I’m Manushkka Sainvil, a Brooklyn-born Haitian American. I love my people, food, language, and rich culture. And I love what I’m learning through my journey in philanthropy.
When I think of giving, I think of a common practice in my culture called “sou-sou”. A sou-sou is an informal rotating savings club that is not exclusive to Haitian communities – it’s common in many Caribbean and African cultures. In sou-sou, a group of people contribute an equal amount of money into a pool either weekly, bi-weekly, or monthly. The total pool, also known as a “min” (hand, in Haitian Kreyol) is then paid to one member of the club on a previously agreed-on schedule. The pool rotates until all members have received a share and the sou-sou is complete or it starts over. It’s as simple as that.
I’m also a small business owner, executive and board coordinator for The Women’s Foundation of Colorado, and newly minted member of the Black women’s giving circle, Sisterhood of Philanthropists Impacting Needs (SPIN), held at The Women’s Foundation of Colorado.

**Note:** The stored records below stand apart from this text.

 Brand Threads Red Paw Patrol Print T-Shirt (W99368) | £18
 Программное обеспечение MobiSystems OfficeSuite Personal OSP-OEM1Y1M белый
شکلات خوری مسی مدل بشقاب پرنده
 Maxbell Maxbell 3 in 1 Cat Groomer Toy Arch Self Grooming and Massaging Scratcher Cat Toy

During Black Philanthropy Month, it’s important for me to illuminate the work SPIN has done over the years. But first, we must recognize that SPIN would never have been possible without the Urban Leadership Foundation of Colorado (ULFC). ULFC is non-profit that offers a 10-month leadership development program based in Denver. Created in 2007, ULFC has a rich history of cultivating leaders in business, politics, and most importantly, community service. Every year, each cohort comes up with ideas for community service projects. The projects are voted on and the top three become the ULFC projects for that year. SPIN was the community service project born from the 2013 cohort and officially became an organization in 2014. I’m also a proud graduate of the 2017 cohort.

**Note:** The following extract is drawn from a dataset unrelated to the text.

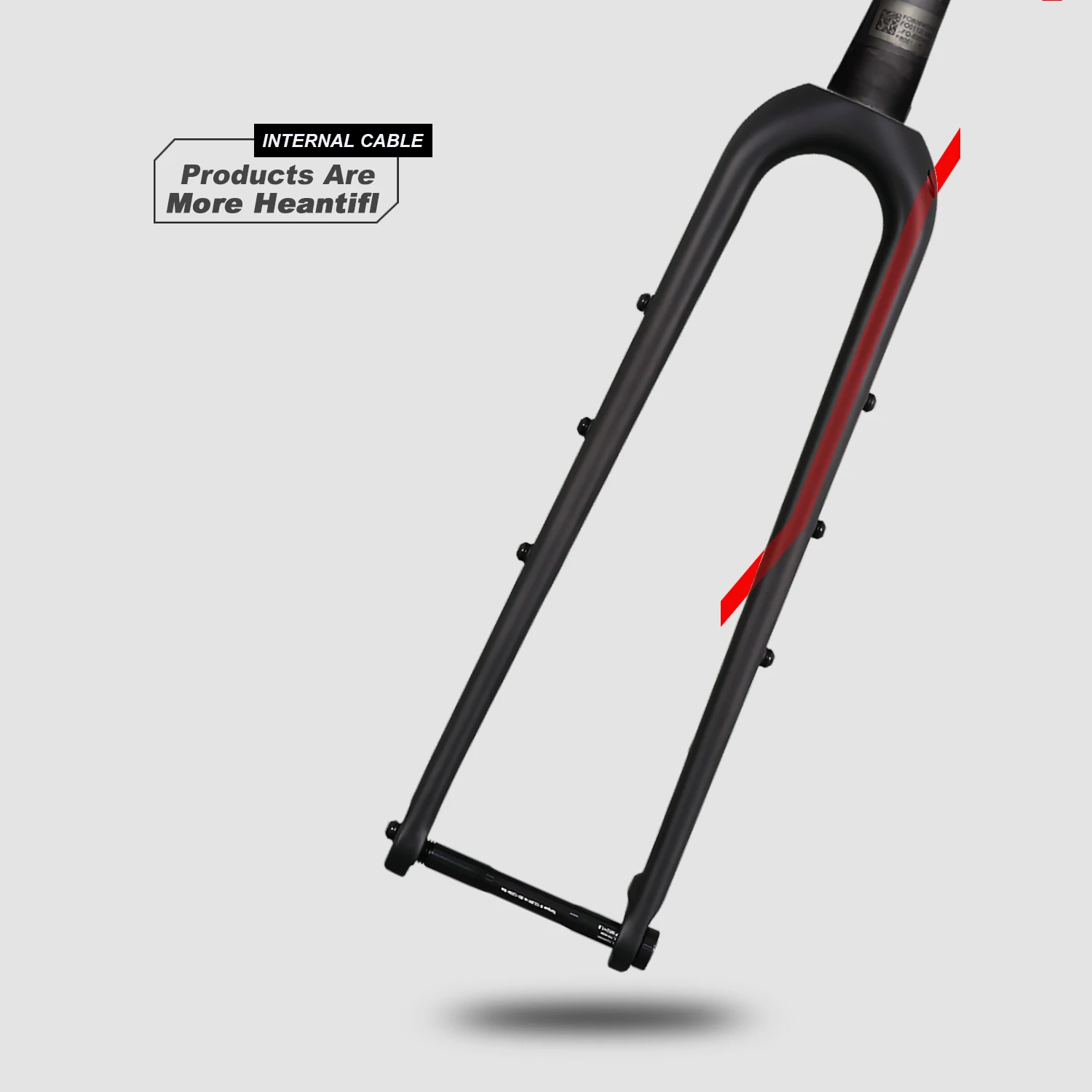 Light carbon Full Carbon GRAVEL Bike Fork Flat mount disc brake fork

My journey in philanthropy has shown that investing in smaller, overlooked organizations can create big impact
One of the biggest lessons I’ve learned throughout my journey in philanthropy – both as a Foundation employee and philanthropist – is that it can have a meaningful impact on a small scale. In the nine years SPIN has operated, grants have been awarded every other year. Grants range from a few hundred to a few thousand dollars. In a time when applying for grants can be laborious, time consuming, and not always proportionate to the effort, those funds can go a long way for smaller organizations that are often overlooked. Last year, I had the pleasure of presenting, along with my SPIN Sisters, checks to the following organizations:
- Star Girlz Empowerment – A program for girls and young adult women transitioning into adolescence, facing challenges, and surviving traumatic experiences.

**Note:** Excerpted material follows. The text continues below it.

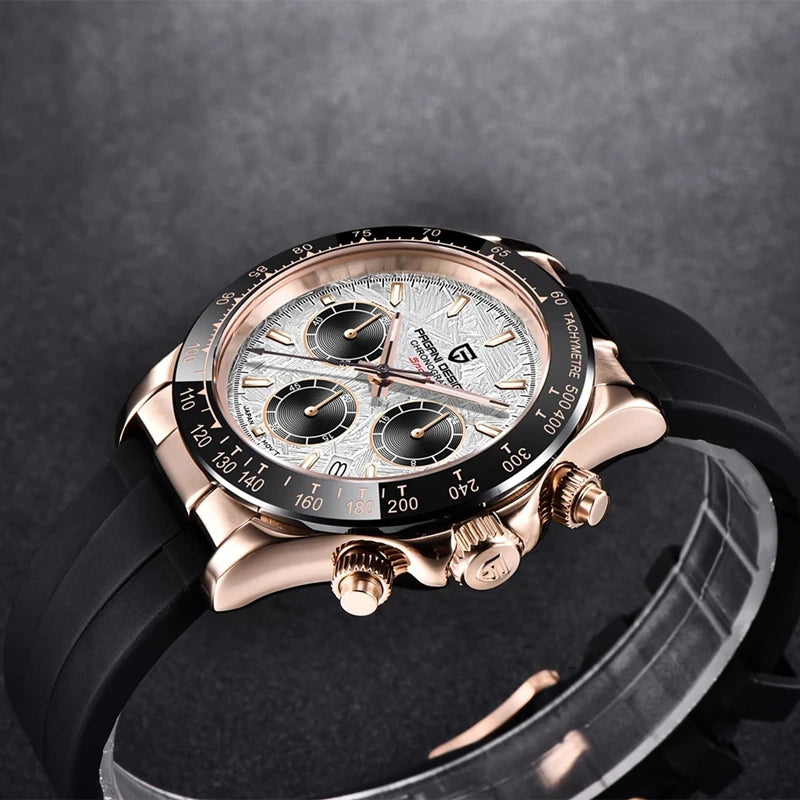 PAGANI DESIGN™ V2 40mm Sapphire Quartz Chronograph Watch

- Black Business Initiative – Creating a vibrant community of Black entrepreneurs, professionals, and leaders for individual and collective agency and access to capital, resources, and training.
- CTN Media – Offering a global platform for the people that centers the Black economic revolution and other important issues of our time.
- Elevating Connections – Building sustained positive relationships for current & former youth in foster care-including those experiencing sibling separation-to find their voice & build meaningful community connections.
- Girls, Inc. – Informed by young girls and their families, it teaches young girls to value themselves, take risks, and discover their inherent strengths. Long-lasting mentoring relationships, a pro-girl environment, and research-based programming equips girls to navigate gender, economic, and social barriers.
- QueenShipp – Empowers young people including queer, trans, and non-binary students through a holistic approach that includes leadership development, mentorship, and community engagement to develop emotionally intelligent and civically minded leaders who contribute to their families and greater communities.
A giving circle offers accessible philanthropy, friendships
In addition to helping me see myself as a real philanthropist, what I love most about SPIN is the new friends I’ve made and the deep bonds of friendship woven between the 22 members. Every year, we have a three-day retreat and the retreat can look however you want it. Hit the ground running, strategize, party, or sleep in. I went on my first retreat last year and never felt for a moment like an outsider or the “new girl.”
I look forward with excitement for the future of SPIN and the opportunities to make a greater impact in my community.